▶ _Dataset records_
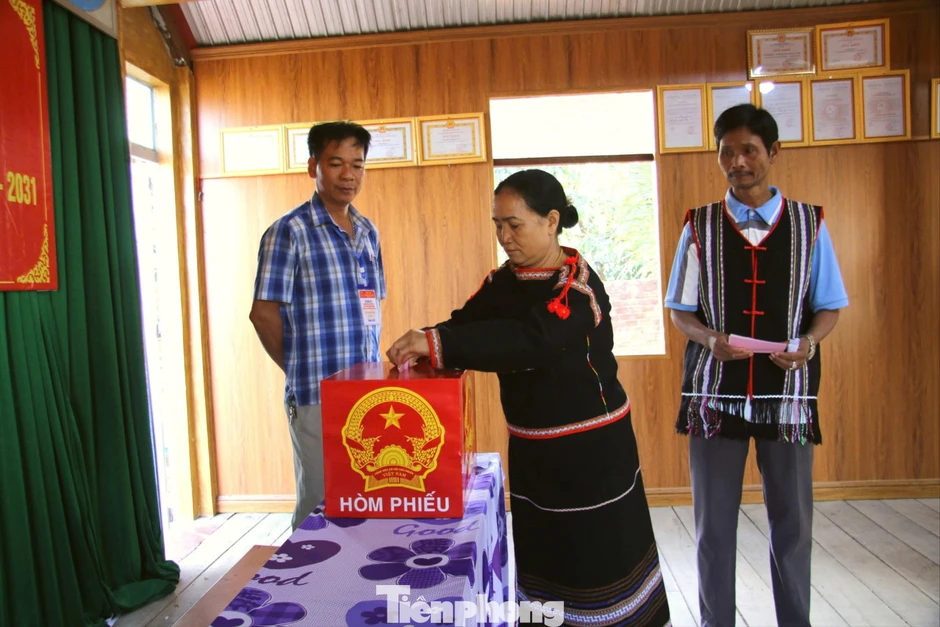 Nhiều lãnh đạo chủ chốt tỉnh Lâm Đồng, Khánh Hòa trúng cử đại biểu Hội đồng nhân dân Nhiều lãnh đạo chủ chốt tỉnh Lâm Đồng, Khánh Hòa trúng cử đại biểu Hội đồng nhân dân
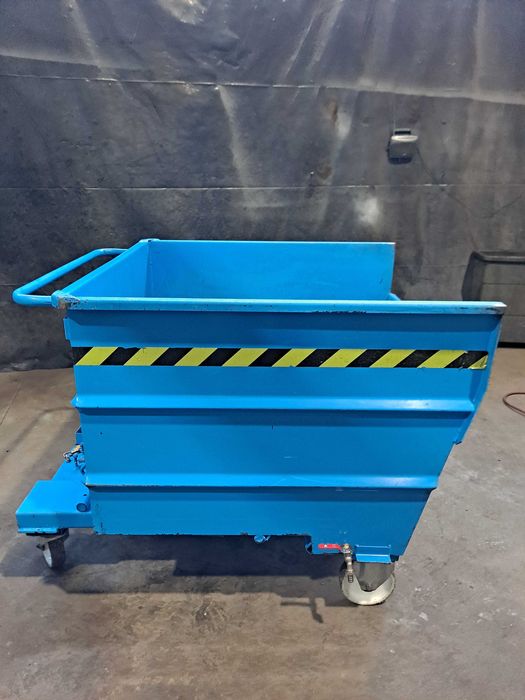 Carros basculantes varios modelos e tamanhos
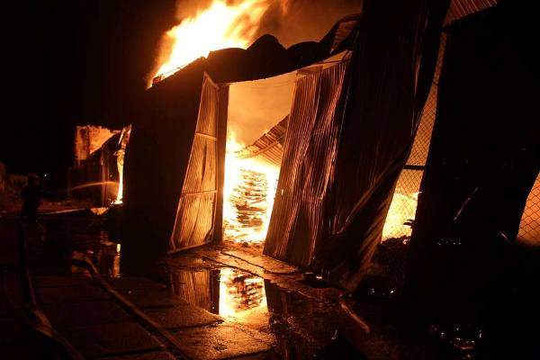 Nghệ An: Cháy xưởng gỗ ép, thiệt hại nhiều tỷ đồng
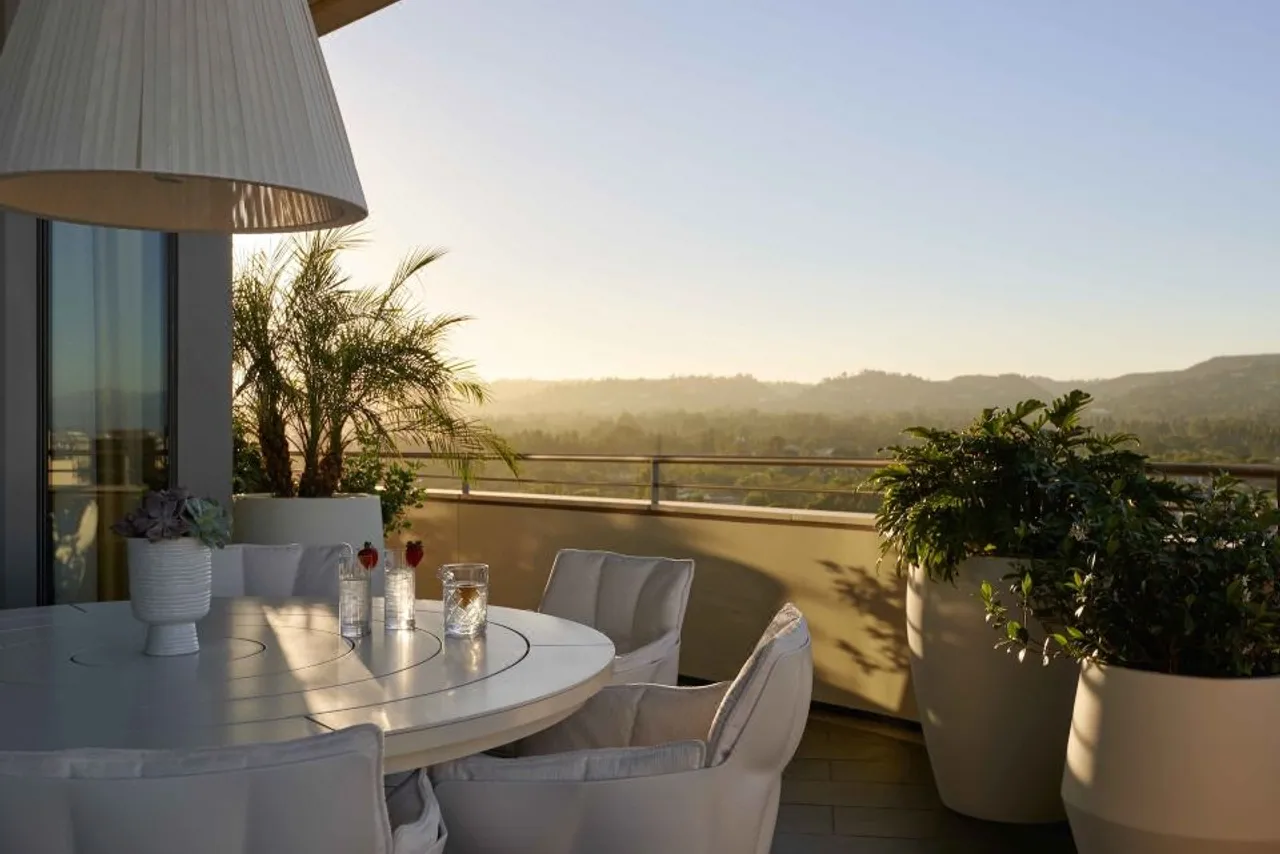 Waldorf Astoria Beverly Hills — ภาพห้องพักและบรรยากาศ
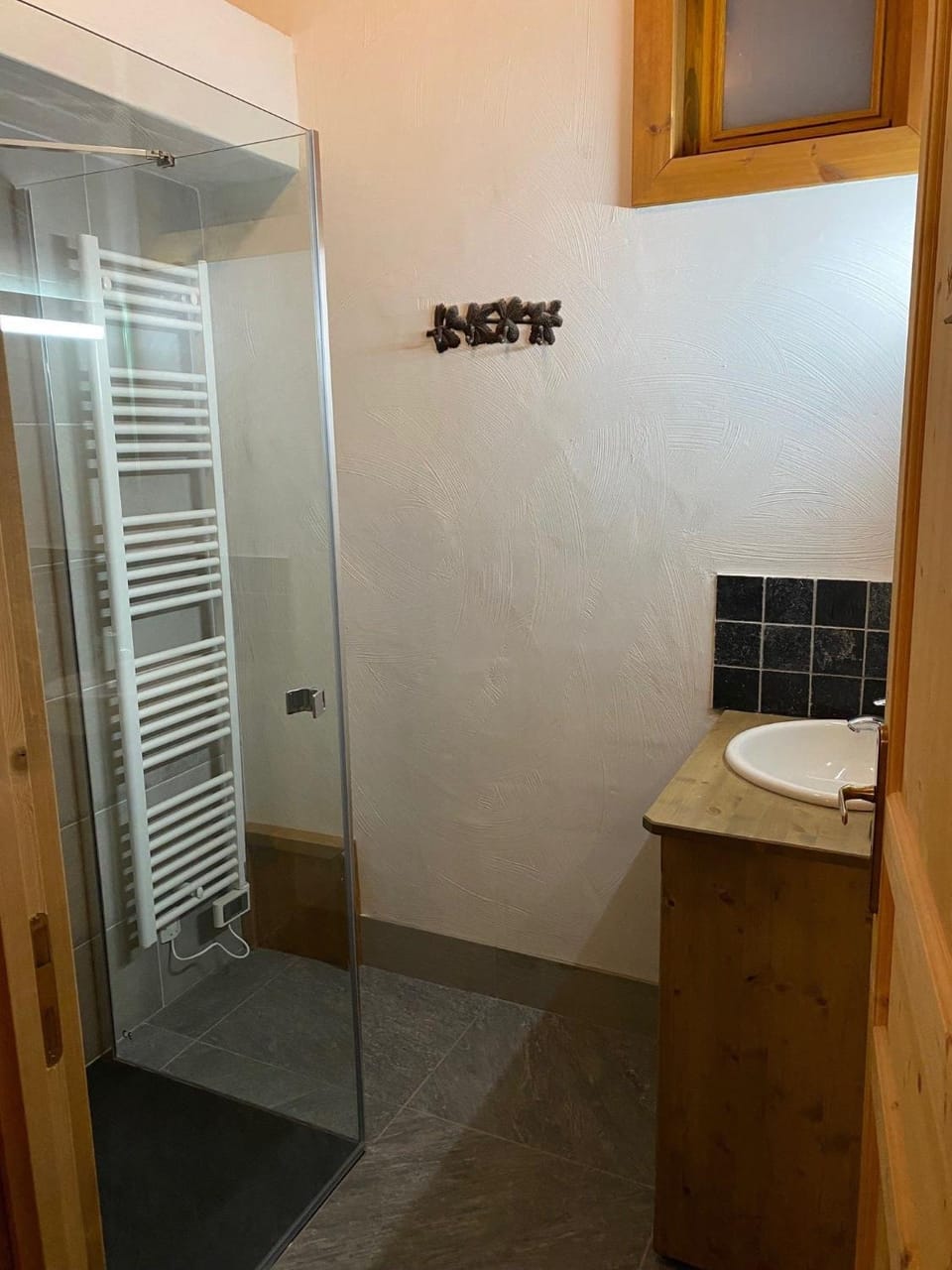 Bathroom, Living room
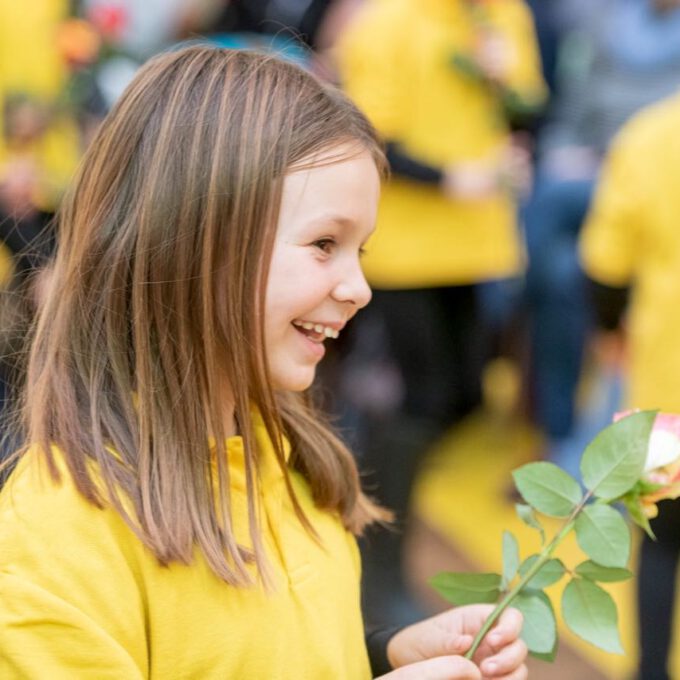 Die Mitglieder der Spatzenchöre der Stadt Leipzig sind mit einem Konzert zu Gast in der Kinderklinik der Universität.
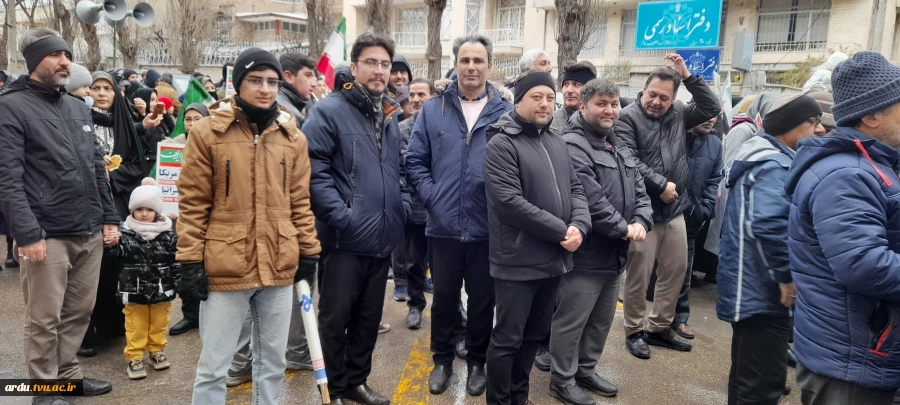 حضور گسترده و پرشور کارکنان دانشگاه در مراسم راهپیمایی یوم‌الله ۲۲ بهمن 10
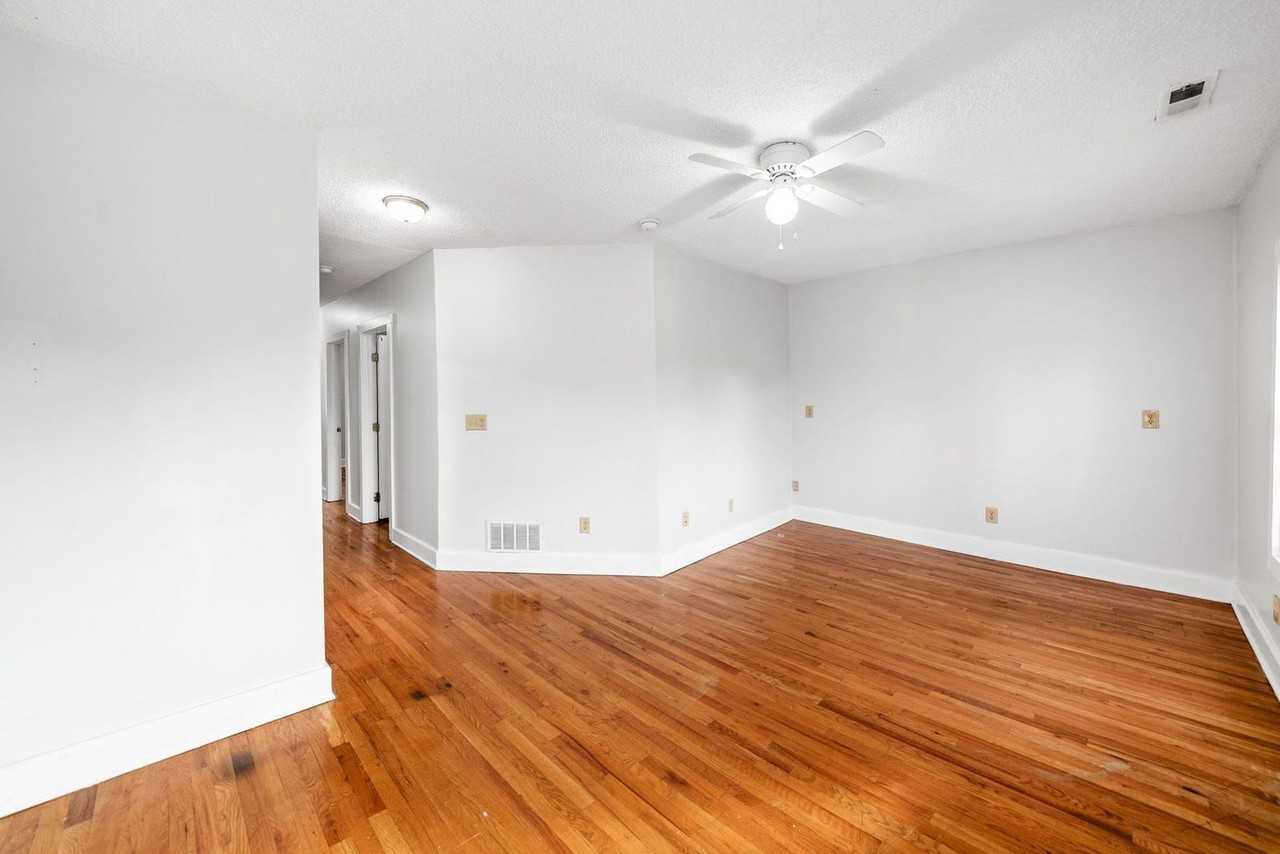 1378 1/2 Indianola Ave - Photo 7 of 22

▶ _Assignment_
Please set down only the lines from the one containing "Carros basculantes varios modelos e tamanhos" through the end of the entries, exactly as they stand, both ends included and with no pictures.

▶ _Finished exercise_
 Carros basculantes varios modelos e tamanhos
 Nghệ An: Cháy xưởng gỗ ép, thiệt hại nhiều tỷ đồng
 Waldorf Astoria Beverly Hills — ภาพห้องพักและบรรยากาศ
 Bathroom, Living room
 Die Mitglieder der Spatzenchöre der Stadt Leipzig sind mit einem Konzert zu Gast in der Kinderklinik der Universität.
 حضور گسترده و پرشور کارکنان دانشگاه در مراسم راهپیمایی یوم‌الله ۲۲ بهمن 10
 1378 1/2 Indianola Ave - Photo 7 of 22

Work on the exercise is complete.